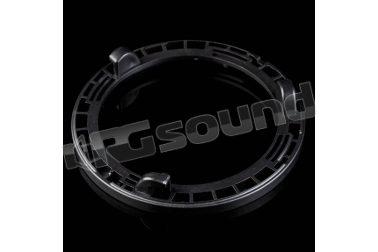 MB03 Set anello adattatore per MERCEDES W206 Gladen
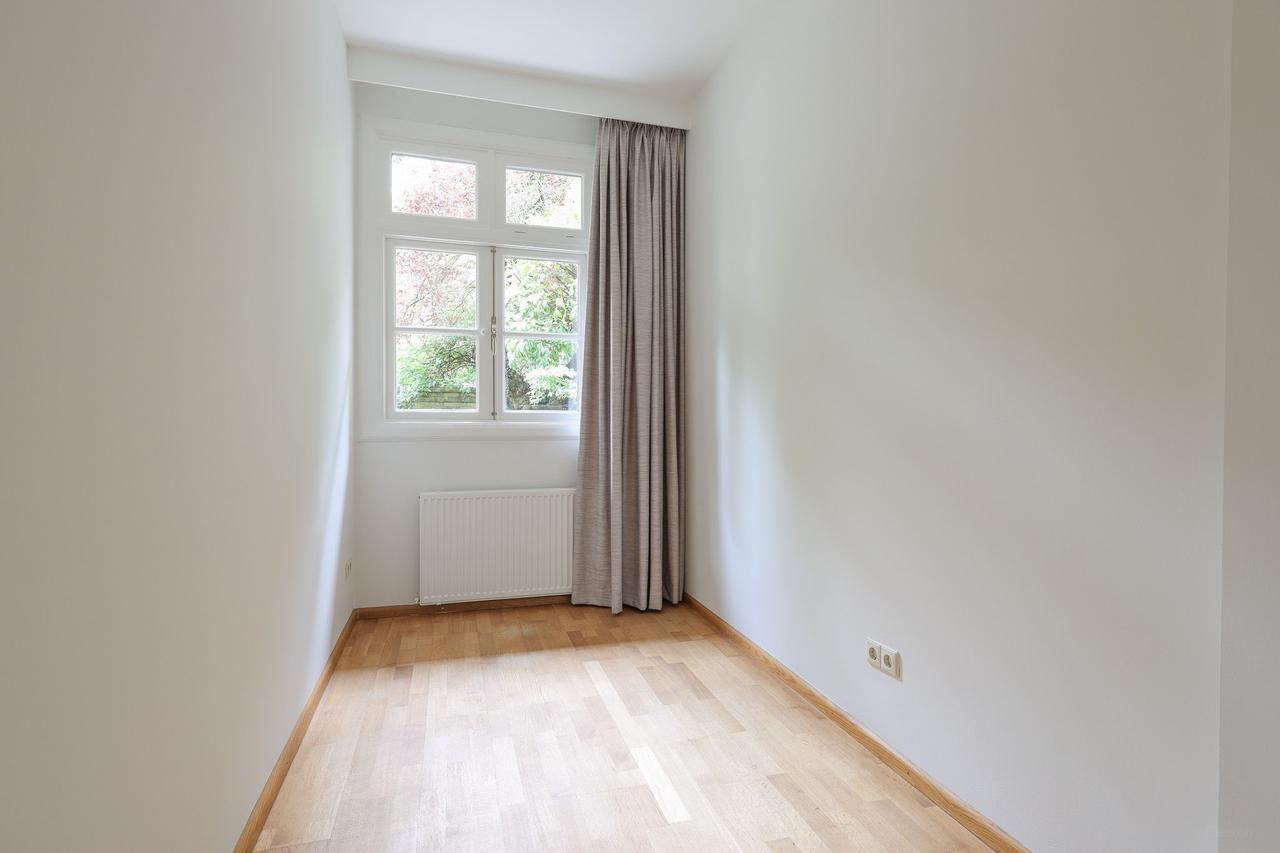 Appartement in de Apollobuurt - Afbeelding 13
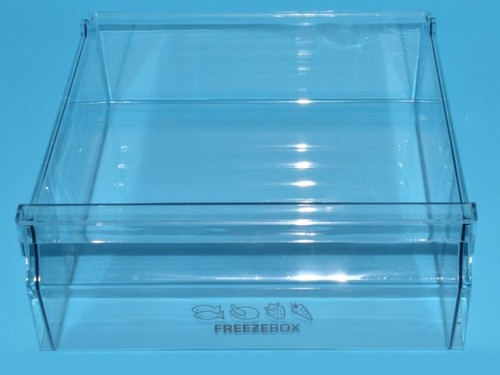 Schublade hisense hk4155763 - schublade,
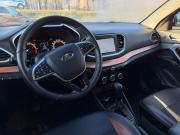 Lada (ВАЗ) Vesta I Рестайлинг (NG) Нефтекамск  - изображение 19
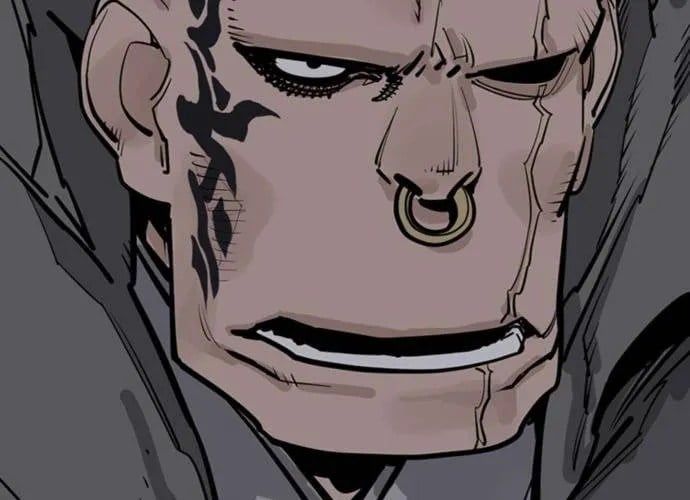 Sát Thủ Tống Lý Thu Chapter 57 - 291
·····
**The task:** Retype the records above exactly, and keep any picture out of what you write.

**Your solution:**
 MB03 Set anello adattatore per MERCEDES W206 Gladen
 Appartement in de Apollobuurt - Afbeelding 13
 Schublade hisense hk4155763 - schublade,
 Lada (ВАЗ) Vesta I Рестайлинг (NG) Нефтекамск  - изображение 19
 Sát Thủ Tống Lý Thu Chapter 57 - 291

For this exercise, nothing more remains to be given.